Julia N.: Das ist schwer zu sagen. In der Anfangsphase wurde viel mit mir gemacht, aber wegen der Schmerzen ist vieles verschwommen. An eine Situation erinnere ich mich aber genau: Ich saß auf einem Mobilisationsstuhl und hatte das Gefühl, er würde sich hoch und runter bewegen. Ich wusste, dass es eine Halluzination war, dennoch habe ich mich bei meiner Mutter rückversichert, dass sich der Stuhl nicht bewegt.
Reactive Robotics: Wie stehst du als Fachkraft mit deiner Erfahrung heute zu Delir-Präventionsmaßnahmen?
Julia N.: Es gibt keine einheitliche Antwort. Jeder Fall ist anders. Ein Psychologe hat mir erklärt, dass zum Beispiel bei schweren Kopfverletzungen und Delir visuelle Reize kaum wahrgenommen werden können, so können hier Tafeln mit Datum und Uhrzeit für die Orientierung nicht viel bewirken.
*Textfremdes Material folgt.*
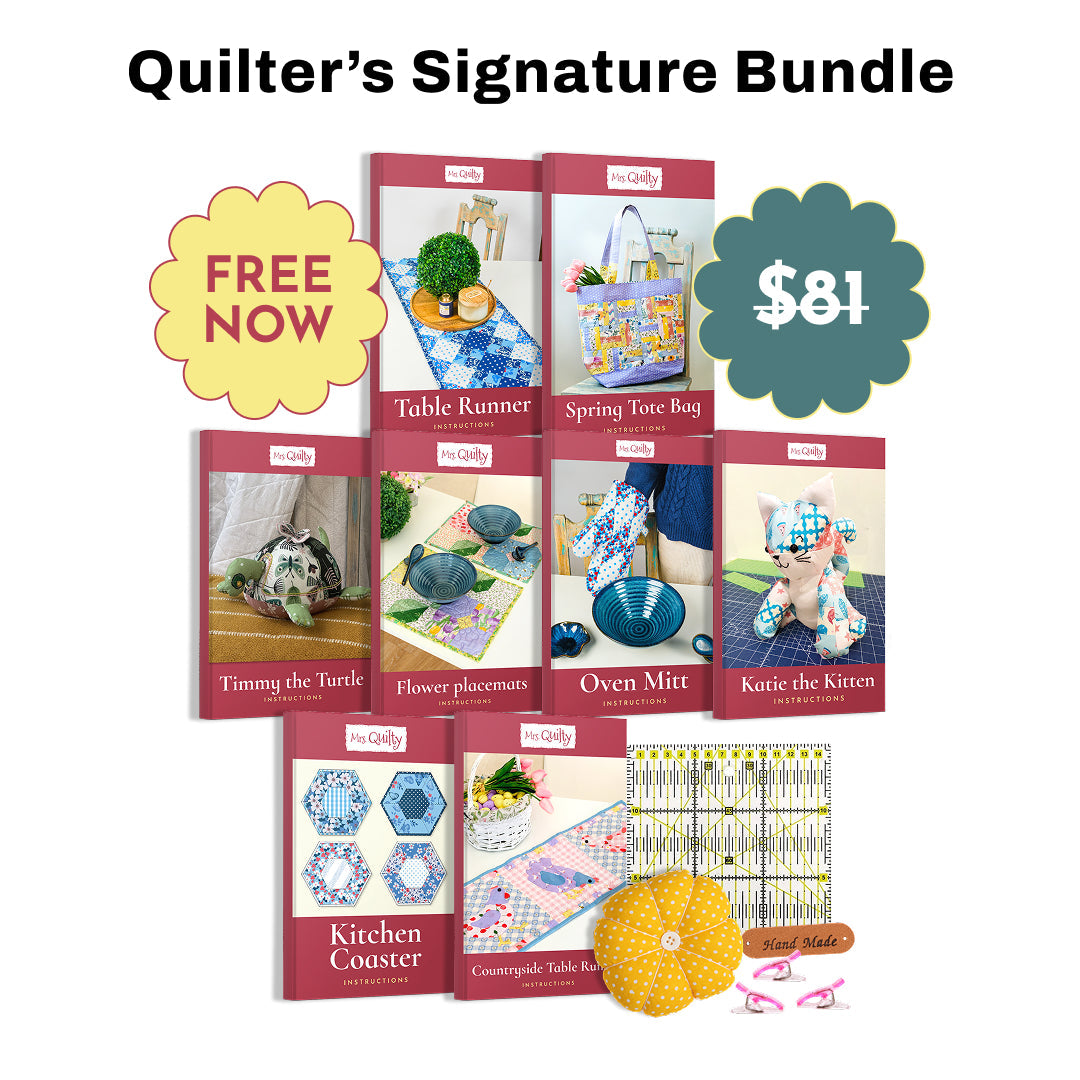 The 8 Free Digital Pattern Bundle promo offers eight crafting pattern booklets labeled “FREE NOW,” valued at $81, with projects for home décor and accessories.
In anderen Situationen eventuell schon. Am wichtigsten sind Besuche von Angehörigen. Diese haben mir am meisten geholfen.
Reactive Robotics: Was ist dein Tipp?
Julia N.: Radio an, aber nur, wenn es den Patienten nicht stresst. Aber im Ernst: Ruhe bewahren und auf den Patienten eingehen.
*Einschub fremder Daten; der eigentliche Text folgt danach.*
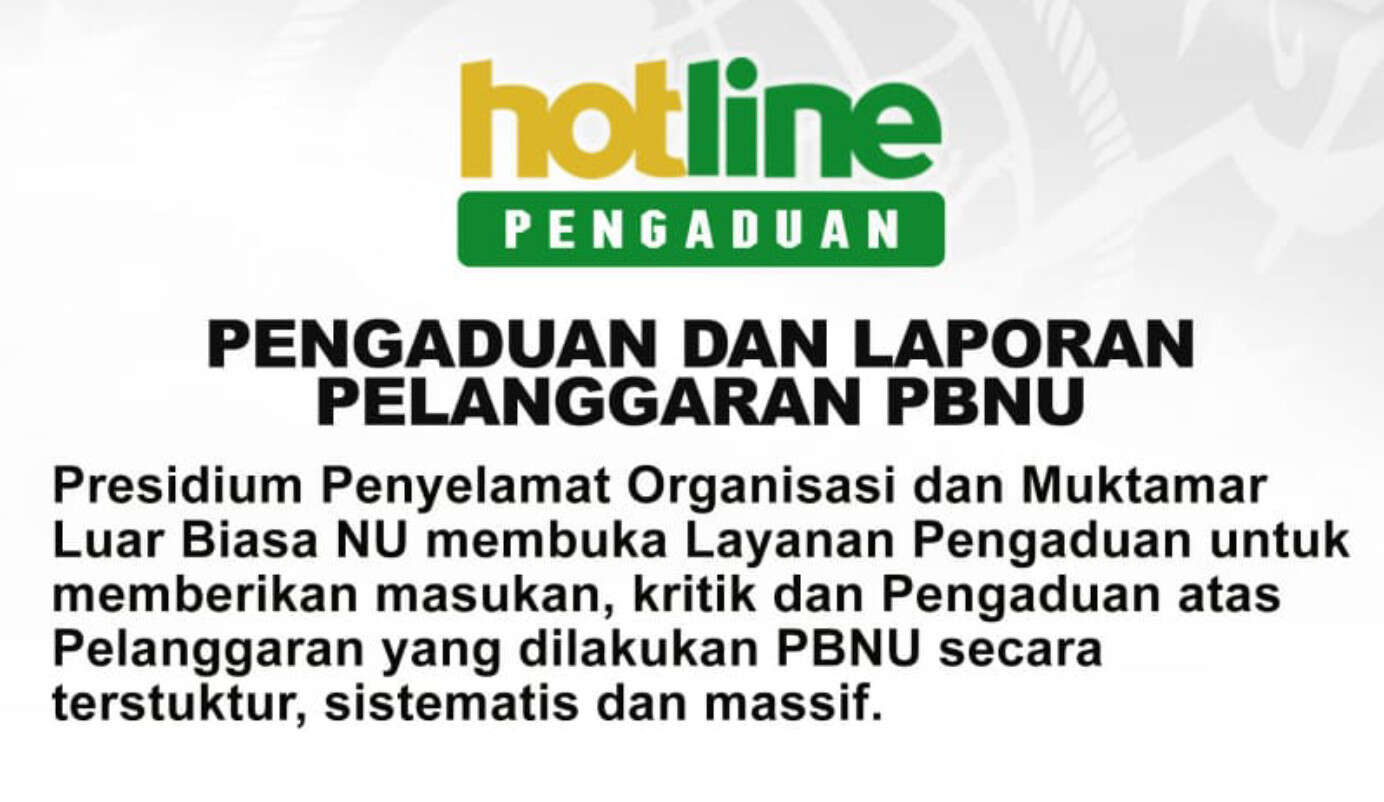 Presidium Buka Hotline Pengaduan & Laporan Dugaan Pelanggaran PBNU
Reactive Robotics: Was möchtest du anderen mitgeben?
Julia N.: Achtsamkeit. Ich erinnere mich, wie ein Arzt zu meiner Mutter sagte, die nächste OP sei meine letzte Chance. Ich habe das gehört und verstanden. Auch wenn man denkt, der Patient bekommt nichts mit, kann das doch der Fall sein. Und noch etwas: Ein Delir ist oft mit Scham verbunden. Ich habe mich danach geschämt für Dinge, die ich gesagt oder getan habe. Das sollte man berücksichtigen.“
Reactive Robotics: Dein Wunsch für die Zukunft?“
Julia N.: Wertschätzung – für die Patient:innen und das Personal. Das ist die Grundlage für vieles. Und leider fehlt diese derzeit oft auf beiden Seiten.